Le sr. des Vaux, lieutenant de la Compagnie de M. Cabanel au régiment de Vassé-Dragon, La Brustrie, cornette du même régiment et le brigadier Cozal, du temps où ils étaient en garnison à Pont-l'Abbé, entendaient souvent vanter les beautés des côtes du Cap Caval. Rien de plus naturel qu'ils aient eu la curiosité de visiter, « ce lieu si renommé de Penmarc'h à présent en ruines, et cette torche de Penmarc'h dont le bruit est si grand quand le temps est gros et que la mer frappe contre les rochers, qu'on l'entend de douze lieues ». (Lettre de M. d'Ernothon à M. de Valincourt à Versailles, pour l'intéresser à son procès).

Le 26 février, ils s'entendent donc pour organiser un pique-nique sur le gazon de la côte, et ils partent à cheval en compagnie de plusieurs gentilshommes et de quelques dames et demoiselles de la ville. Mais voilà que six dragons de leur régiment, aussi curieux et aussi amateurs de beaux sites que leurs officiers, demandent et obtiennent l'autorisation de faire partie de la caravane. Les provisions du voyage sont déjà étalées sur la dune, lorsque survient une pluie malencontreuse qui force les excursionnistes à enlever leur couvert et à chercher ailleurs un abri pour déjeuner. Le hasard de la promenade les mène jusqu'à Kérity, chez le sr. Kersaux, capitaine de la paroisse qui leur cède volontiers un de ses appartements. Ils sont tout étonnés de voir, en compagnie de leur hôte, le sr. Desrobin recteur, un marin du nom de Bargain et plusieurs autres habitants de la paroisse ainsi que les juges et officiers de la baronnie du Pont. Ils assistent à une altercation violente entre ces différents personnages à propos de papiers et titres que réclamaient les juges. Ils entendent quelques paroles piquantes et même quelques injures échangées entre le recteur et le sénéchal, mais ils n'ont été témoins d'aucun acte de violence. Pour eux, que cette affaire de papiers et de querelles personnelles n'intéresse nullement, ils se sont contentés de saluer leur hôte et de reprendre tranquillement le chemin du retour. Leur témoignage, comme on le voit, n'était guère compromettant pour le chevalier d'Ernothon, mais il est permis de soupçonner qu'ils ne faisaient que débiter une leçon bien apprise.

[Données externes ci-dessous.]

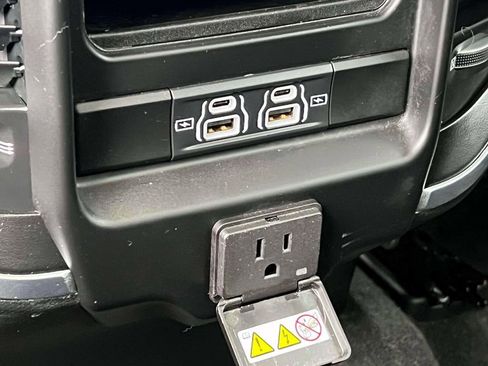 Certified 2021 RAM 1500 Laramie image 14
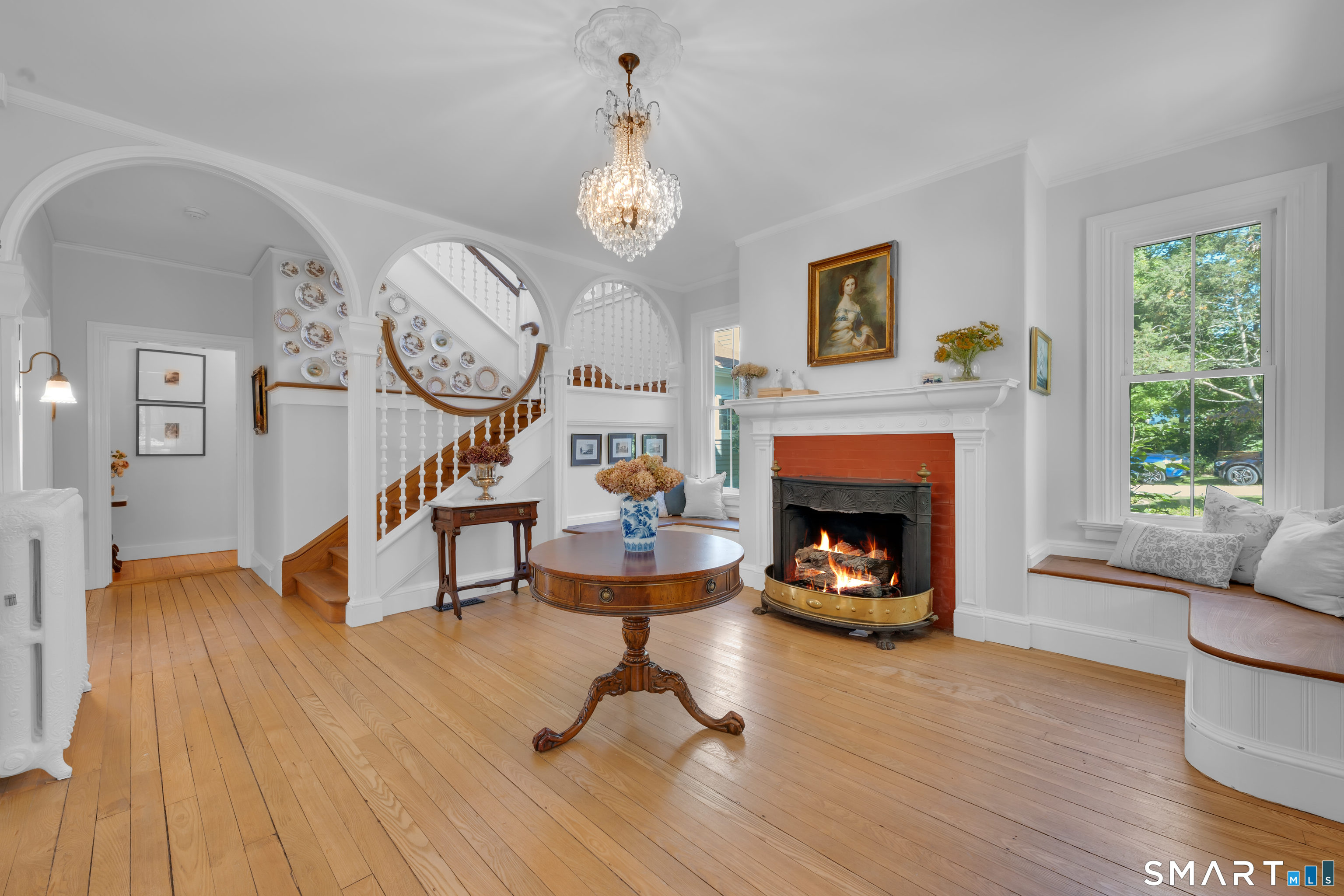 354 Pomfret Street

Quel fut le dénouement de cette affaire ? Les archives ne nous ont pas livré ce secret, mais tout porte à croire que le défaut de titres de la part du baron, et d'un autre côté l'obstination des habitants de Penmarc'h soutenus par le capitaine de la paroisse et le crédit du recteur, durent rendre mutiles les poursuites pour le paiement des droits de la baronnie du Pont. Le chevalier d'Ernothon n'aurait pas dû oublier que dans son mémoire, il déclarait les pêcheurs de Penmarc'h, « actuellement gueux et misérables .. », et que dès lors, c'était assurément le cas d'appliquer le proverbe : « Où il n'y a rien, le roi même perd ses droits ». (F. Quiniou).